> Task input:
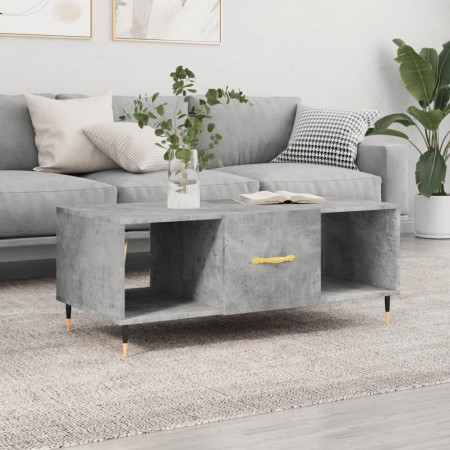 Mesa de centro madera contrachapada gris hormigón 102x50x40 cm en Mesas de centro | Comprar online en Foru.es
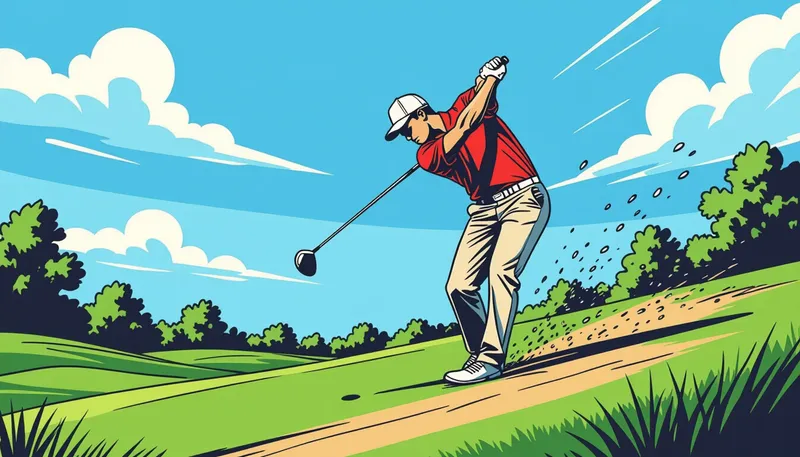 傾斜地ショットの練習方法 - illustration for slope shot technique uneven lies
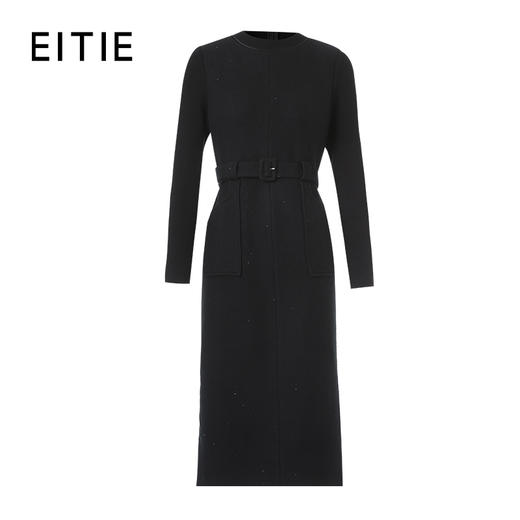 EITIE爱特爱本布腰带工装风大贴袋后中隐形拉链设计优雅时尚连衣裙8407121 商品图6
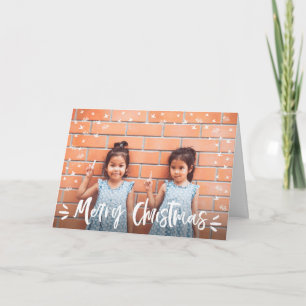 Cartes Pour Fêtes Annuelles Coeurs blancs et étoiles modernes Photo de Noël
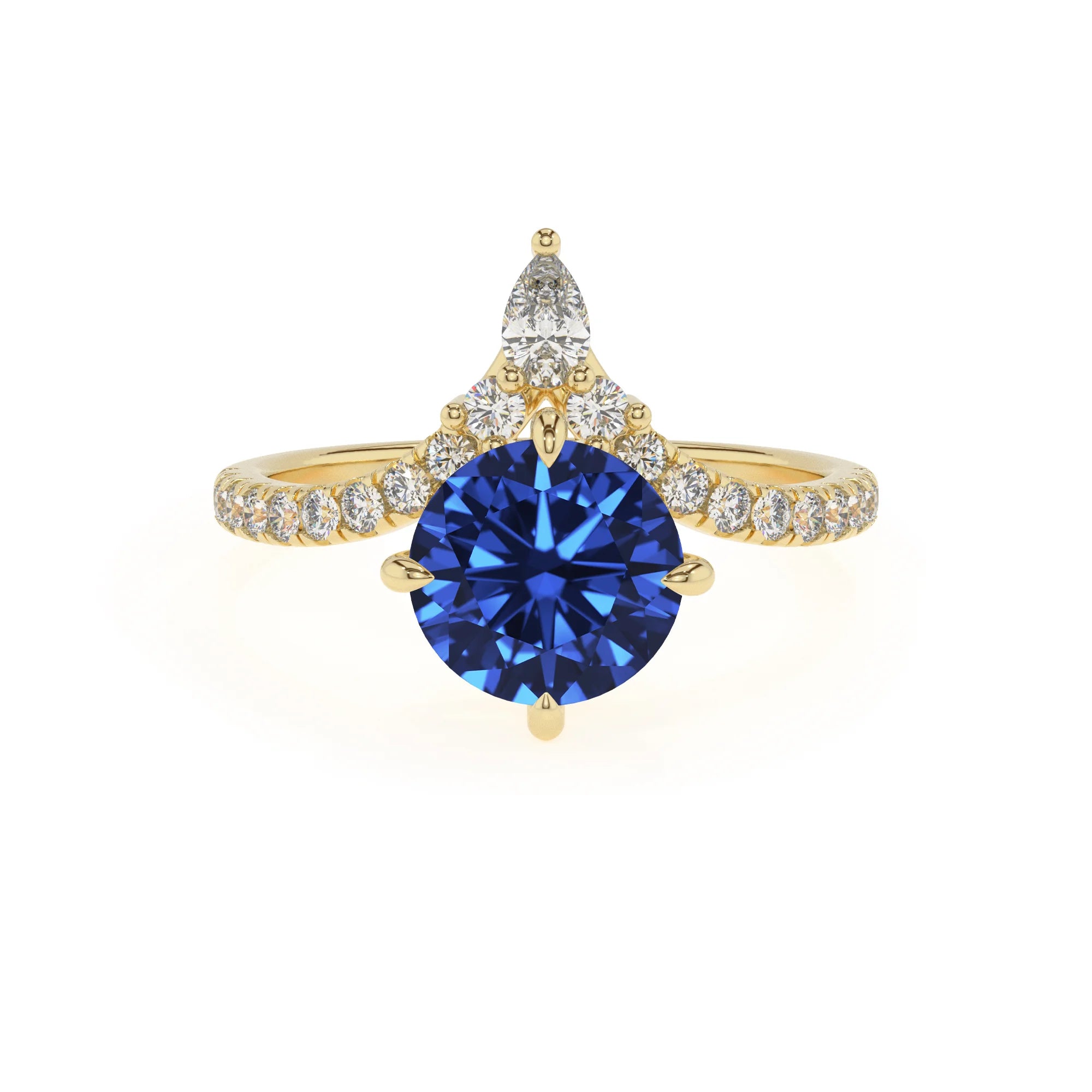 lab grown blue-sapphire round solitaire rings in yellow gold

> Task to complete:
Copy every entry exactly; drop the pictures.

> Response area:
 Mesa de centro madera contrachapada gris hormigón 102x50x40 cm en Mesas de centro | Comprar online en Foru.es
 傾斜地ショットの練習方法 - illustration for slope shot technique uneven lies
 EITIE爱特爱本布腰带工装风大贴袋后中隐形拉链设计优雅时尚连衣裙8407121 商品图6
 Cartes Pour Fêtes Annuelles Coeurs blancs et étoiles modernes Photo de Noël
 lab grown blue-sapphire round solitaire rings in yellow gold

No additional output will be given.